▶ [Record extracts]:

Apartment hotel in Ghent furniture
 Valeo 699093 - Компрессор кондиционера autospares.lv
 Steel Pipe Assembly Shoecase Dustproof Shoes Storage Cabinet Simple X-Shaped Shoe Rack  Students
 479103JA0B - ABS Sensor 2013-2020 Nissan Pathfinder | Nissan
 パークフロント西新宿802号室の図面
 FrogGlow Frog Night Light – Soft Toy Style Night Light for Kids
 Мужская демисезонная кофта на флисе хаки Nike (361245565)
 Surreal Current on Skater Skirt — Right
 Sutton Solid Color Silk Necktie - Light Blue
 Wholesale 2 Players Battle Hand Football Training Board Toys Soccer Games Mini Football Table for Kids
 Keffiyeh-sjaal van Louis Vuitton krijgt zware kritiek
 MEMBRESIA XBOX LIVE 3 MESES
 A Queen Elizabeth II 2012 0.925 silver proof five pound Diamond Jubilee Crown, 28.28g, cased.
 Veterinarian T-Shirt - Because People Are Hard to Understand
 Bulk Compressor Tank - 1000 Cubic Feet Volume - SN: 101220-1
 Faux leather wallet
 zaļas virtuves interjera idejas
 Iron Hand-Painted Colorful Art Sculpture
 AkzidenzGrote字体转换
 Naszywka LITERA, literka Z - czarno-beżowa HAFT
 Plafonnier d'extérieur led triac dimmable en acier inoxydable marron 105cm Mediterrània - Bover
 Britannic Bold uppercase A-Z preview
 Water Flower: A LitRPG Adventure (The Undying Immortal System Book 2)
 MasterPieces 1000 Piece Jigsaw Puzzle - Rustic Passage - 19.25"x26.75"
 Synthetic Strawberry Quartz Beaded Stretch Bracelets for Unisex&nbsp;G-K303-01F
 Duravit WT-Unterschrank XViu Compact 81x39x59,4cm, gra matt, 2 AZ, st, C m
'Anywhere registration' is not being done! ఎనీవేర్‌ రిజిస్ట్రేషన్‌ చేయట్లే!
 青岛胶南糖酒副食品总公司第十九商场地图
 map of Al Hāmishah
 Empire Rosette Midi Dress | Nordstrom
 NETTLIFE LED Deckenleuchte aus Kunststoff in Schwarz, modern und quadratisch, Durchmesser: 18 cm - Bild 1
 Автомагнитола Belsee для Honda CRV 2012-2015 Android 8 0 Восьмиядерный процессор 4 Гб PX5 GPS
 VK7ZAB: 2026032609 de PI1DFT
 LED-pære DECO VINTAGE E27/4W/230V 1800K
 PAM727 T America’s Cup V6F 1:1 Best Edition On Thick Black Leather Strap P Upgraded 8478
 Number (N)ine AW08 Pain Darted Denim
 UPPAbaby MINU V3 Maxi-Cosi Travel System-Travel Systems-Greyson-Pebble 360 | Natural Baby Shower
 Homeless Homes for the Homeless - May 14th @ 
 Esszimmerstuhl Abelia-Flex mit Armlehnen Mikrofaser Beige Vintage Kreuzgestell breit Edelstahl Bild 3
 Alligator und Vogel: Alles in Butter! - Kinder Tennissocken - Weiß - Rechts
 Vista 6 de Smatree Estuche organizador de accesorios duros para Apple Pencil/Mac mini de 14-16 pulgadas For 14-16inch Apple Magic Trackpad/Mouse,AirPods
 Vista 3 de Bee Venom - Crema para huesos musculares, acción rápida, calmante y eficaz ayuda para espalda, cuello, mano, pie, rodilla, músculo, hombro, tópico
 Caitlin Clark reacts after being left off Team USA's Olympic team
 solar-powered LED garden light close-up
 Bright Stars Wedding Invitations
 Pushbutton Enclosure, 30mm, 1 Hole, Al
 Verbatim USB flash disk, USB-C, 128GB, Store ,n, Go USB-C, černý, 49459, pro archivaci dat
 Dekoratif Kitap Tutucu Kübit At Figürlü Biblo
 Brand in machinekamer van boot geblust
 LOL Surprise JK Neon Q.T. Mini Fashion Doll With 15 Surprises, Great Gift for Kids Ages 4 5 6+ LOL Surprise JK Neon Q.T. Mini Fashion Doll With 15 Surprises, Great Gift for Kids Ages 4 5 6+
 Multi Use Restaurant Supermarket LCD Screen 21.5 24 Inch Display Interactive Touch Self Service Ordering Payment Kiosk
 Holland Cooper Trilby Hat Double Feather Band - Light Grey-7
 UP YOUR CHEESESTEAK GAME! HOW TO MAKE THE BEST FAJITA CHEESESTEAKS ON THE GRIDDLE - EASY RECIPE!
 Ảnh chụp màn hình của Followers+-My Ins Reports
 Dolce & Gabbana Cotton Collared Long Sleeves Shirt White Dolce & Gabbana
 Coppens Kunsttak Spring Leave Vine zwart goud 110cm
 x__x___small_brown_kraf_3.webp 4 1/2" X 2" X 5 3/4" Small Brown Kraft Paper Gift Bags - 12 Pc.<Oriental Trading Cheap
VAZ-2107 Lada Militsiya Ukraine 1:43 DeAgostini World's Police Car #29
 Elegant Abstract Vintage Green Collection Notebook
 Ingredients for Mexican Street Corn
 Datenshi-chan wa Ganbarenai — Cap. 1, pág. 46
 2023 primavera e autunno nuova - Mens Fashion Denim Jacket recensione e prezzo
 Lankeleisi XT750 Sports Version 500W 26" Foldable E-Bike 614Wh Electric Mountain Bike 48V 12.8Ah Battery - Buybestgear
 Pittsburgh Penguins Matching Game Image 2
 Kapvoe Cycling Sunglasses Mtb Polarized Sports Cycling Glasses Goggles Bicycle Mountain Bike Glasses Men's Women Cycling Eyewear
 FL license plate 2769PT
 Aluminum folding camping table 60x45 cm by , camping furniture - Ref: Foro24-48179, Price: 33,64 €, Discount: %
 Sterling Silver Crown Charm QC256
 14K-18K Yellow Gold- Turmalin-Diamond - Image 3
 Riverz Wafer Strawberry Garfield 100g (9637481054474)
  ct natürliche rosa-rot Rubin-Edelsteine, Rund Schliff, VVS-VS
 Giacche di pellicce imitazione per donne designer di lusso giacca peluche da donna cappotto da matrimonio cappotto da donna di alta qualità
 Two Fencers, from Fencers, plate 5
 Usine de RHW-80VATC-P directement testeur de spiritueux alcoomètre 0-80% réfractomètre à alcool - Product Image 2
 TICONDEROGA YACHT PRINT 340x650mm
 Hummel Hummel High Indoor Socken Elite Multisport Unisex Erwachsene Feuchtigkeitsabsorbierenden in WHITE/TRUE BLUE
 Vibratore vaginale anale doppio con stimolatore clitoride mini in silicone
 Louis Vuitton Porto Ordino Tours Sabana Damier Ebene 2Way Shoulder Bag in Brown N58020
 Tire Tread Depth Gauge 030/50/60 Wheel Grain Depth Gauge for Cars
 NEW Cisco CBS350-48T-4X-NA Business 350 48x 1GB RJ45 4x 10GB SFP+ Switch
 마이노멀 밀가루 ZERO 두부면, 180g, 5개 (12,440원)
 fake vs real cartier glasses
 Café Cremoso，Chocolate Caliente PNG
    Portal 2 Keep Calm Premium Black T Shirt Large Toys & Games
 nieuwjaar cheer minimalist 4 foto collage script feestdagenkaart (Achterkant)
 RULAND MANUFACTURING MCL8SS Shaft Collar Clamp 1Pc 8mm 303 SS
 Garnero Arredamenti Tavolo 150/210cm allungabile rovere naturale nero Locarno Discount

▶ [To do]: Transcribe the material so that every line matches the original exactly.

▶ [Exercise output]:
Apartment hotel in Ghent furniture
 Valeo 699093 - Компрессор кондиционера autospares.lv
 Steel Pipe Assembly Shoecase Dustproof Shoes Storage Cabinet Simple X-Shaped Shoe Rack  Students
 479103JA0B - ABS Sensor 2013-2020 Nissan Pathfinder | Nissan
 パークフロント西新宿802号室の図面
 FrogGlow Frog Night Light – Soft Toy Style Night Light for Kids
 Мужская демисезонная кофта на флисе хаки Nike (361245565)
 Surreal Current on Skater Skirt — Right
 Sutton Solid Color Silk Necktie - Light Blue
 Wholesale 2 Players Battle Hand Football Training Board Toys Soccer Games Mini Football Table for Kids
 Keffiyeh-sjaal van Louis Vuitton krijgt zware kritiek
 MEMBRESIA XBOX LIVE 3 MESES
 A Queen Elizabeth II 2012 0.925 silver proof five pound Diamond Jubilee Crown, 28.28g, cased.
 Veterinarian T-Shirt - Because People Are Hard to Understand
 Bulk Compressor Tank - 1000 Cubic Feet Volume - SN: 101220-1
 Faux leather wallet
 zaļas virtuves interjera idejas
 Iron Hand-Painted Colorful Art Sculpture
 AkzidenzGrote字体转换
 Naszywka LITERA, literka Z - czarno-beżowa HAFT
 Plafonnier d'extérieur led triac dimmable en acier inoxydable marron 105cm Mediterrània - Bover
 Britannic Bold uppercase A-Z preview
 Water Flower: A LitRPG Adventure (The Undying Immortal System Book 2)
 MasterPieces 1000 Piece Jigsaw Puzzle - Rustic Passage - 19.25"x26.75"
 Synthetic Strawberry Quartz Beaded Stretch Bracelets for Unisex&nbsp;G-K303-01F
 Duravit WT-Unterschrank XViu Compact 81x39x59,4cm, gra matt, 2 AZ, st, C m
'Anywhere registration' is not being done! ఎనీవేర్‌ రిజిస్ట్రేషన్‌ చేయట్లే!
 青岛胶南糖酒副食品总公司第十九商场地图
 map of Al Hāmishah
 Empire Rosette Midi Dress | Nordstrom
 NETTLIFE LED Deckenleuchte aus Kunststoff in Schwarz, modern und quadratisch, Durchmesser: 18 cm - Bild 1
 Автомагнитола Belsee для Honda CRV 2012-2015 Android 8 0 Восьмиядерный процессор 4 Гб PX5 GPS
 VK7ZAB: 2026032609 de PI1DFT
 LED-pære DECO VINTAGE E27/4W/230V 1800K
 PAM727 T America’s Cup V6F 1:1 Best Edition On Thick Black Leather Strap P Upgraded 8478
 Number (N)ine AW08 Pain Darted Denim
 UPPAbaby MINU V3 Maxi-Cosi Travel System-Travel Systems-Greyson-Pebble 360 | Natural Baby Shower
 Homeless Homes for the Homeless - May 14th @ 
 Esszimmerstuhl Abelia-Flex mit Armlehnen Mikrofaser Beige Vintage Kreuzgestell breit Edelstahl Bild 3
 Alligator und Vogel: Alles in Butter! - Kinder Tennissocken - Weiß - Rechts
 Vista 6 de Smatree Estuche organizador de accesorios duros para Apple Pencil/Mac mini de 14-16 pulgadas For 14-16inch Apple Magic Trackpad/Mouse,AirPods
 Vista 3 de Bee Venom - Crema para huesos musculares, acción rápida, calmante y eficaz ayuda para espalda, cuello, mano, pie, rodilla, músculo, hombro, tópico
 Caitlin Clark reacts after being left off Team USA's Olympic team
 solar-powered LED garden light close-up
 Bright Stars Wedding Invitations
 Pushbutton Enclosure, 30mm, 1 Hole, Al
 Verbatim USB flash disk, USB-C, 128GB, Store ,n, Go USB-C, černý, 49459, pro archivaci dat
 Dekoratif Kitap Tutucu Kübit At Figürlü Biblo
 Brand in machinekamer van boot geblust
 LOL Surprise JK Neon Q.T. Mini Fashion Doll With 15 Surprises, Great Gift for Kids Ages 4 5 6+ LOL Surprise JK Neon Q.T. Mini Fashion Doll With 15 Surprises, Great Gift for Kids Ages 4 5 6+
 Multi Use Restaurant Supermarket LCD Screen 21.5 24 Inch Display Interactive Touch Self Service Ordering Payment Kiosk
 Holland Cooper Trilby Hat Double Feather Band - Light Grey-7
 UP YOUR CHEESESTEAK GAME! HOW TO MAKE THE BEST FAJITA CHEESESTEAKS ON THE GRIDDLE - EASY RECIPE!
 Ảnh chụp màn hình của Followers+-My Ins Reports
 Dolce & Gabbana Cotton Collared Long Sleeves Shirt White Dolce & Gabbana
 Coppens Kunsttak Spring Leave Vine zwart goud 110cm
 x__x___small_brown_kraf_3.webp 4 1/2" X 2" X 5 3/4" Small Brown Kraft Paper Gift Bags - 12 Pc.<Oriental Trading Cheap
VAZ-2107 Lada Militsiya Ukraine 1:43 DeAgostini World's Police Car #29
 Elegant Abstract Vintage Green Collection Notebook
 Ingredients for Mexican Street Corn
 Datenshi-chan wa Ganbarenai — Cap. 1, pág. 46
 2023 primavera e autunno nuova - Mens Fashion Denim Jacket recensione e prezzo
 Lankeleisi XT750 Sports Version 500W 26" Foldable E-Bike 614Wh Electric Mountain Bike 48V 12.8Ah Battery - Buybestgear
 Pittsburgh Penguins Matching Game Image 2
 Kapvoe Cycling Sunglasses Mtb Polarized Sports Cycling Glasses Goggles Bicycle Mountain Bike Glasses Men's Women Cycling Eyewear
 FL license plate 2769PT
 Aluminum folding camping table 60x45 cm by , camping furniture - Ref: Foro24-48179, Price: 33,64 €, Discount: %
 Sterling Silver Crown Charm QC256
 14K-18K Yellow Gold- Turmalin-Diamond - Image 3
 Riverz Wafer Strawberry Garfield 100g (9637481054474)
  ct natürliche rosa-rot Rubin-Edelsteine, Rund Schliff, VVS-VS
 Giacche di pellicce imitazione per donne designer di lusso giacca peluche da donna cappotto da matrimonio cappotto da donna di alta qualità
 Two Fencers, from Fencers, plate 5
 Usine de RHW-80VATC-P directement testeur de spiritueux alcoomètre 0-80% réfractomètre à alcool - Product Image 2
 TICONDEROGA YACHT PRINT 340x650mm
 Hummel Hummel High Indoor Socken Elite Multisport Unisex Erwachsene Feuchtigkeitsabsorbierenden in WHITE/TRUE BLUE
 Vibratore vaginale anale doppio con stimolatore clitoride mini in silicone
 Louis Vuitton Porto Ordino Tours Sabana Damier Ebene 2Way Shoulder Bag in Brown N58020
 Tire Tread Depth Gauge 030/50/60 Wheel Grain Depth Gauge for Cars
 NEW Cisco CBS350-48T-4X-NA Business 350 48x 1GB RJ45 4x 10GB SFP+ Switch
 마이노멀 밀가루 ZERO 두부면, 180g, 5개 (12,440원)
 fake vs real cartier glasses
 Café Cremoso，Chocolate Caliente PNG
    Portal 2 Keep Calm Premium Black T Shirt Large Toys & Games
 nieuwjaar cheer minimalist 4 foto collage script feestdagenkaart (Achterkant)
 RULAND MANUFACTURING MCL8SS Shaft Collar Clamp 1Pc 8mm 303 SS
 Garnero Arredamenti Tavolo 150/210cm allungabile rovere naturale nero Locarno Discount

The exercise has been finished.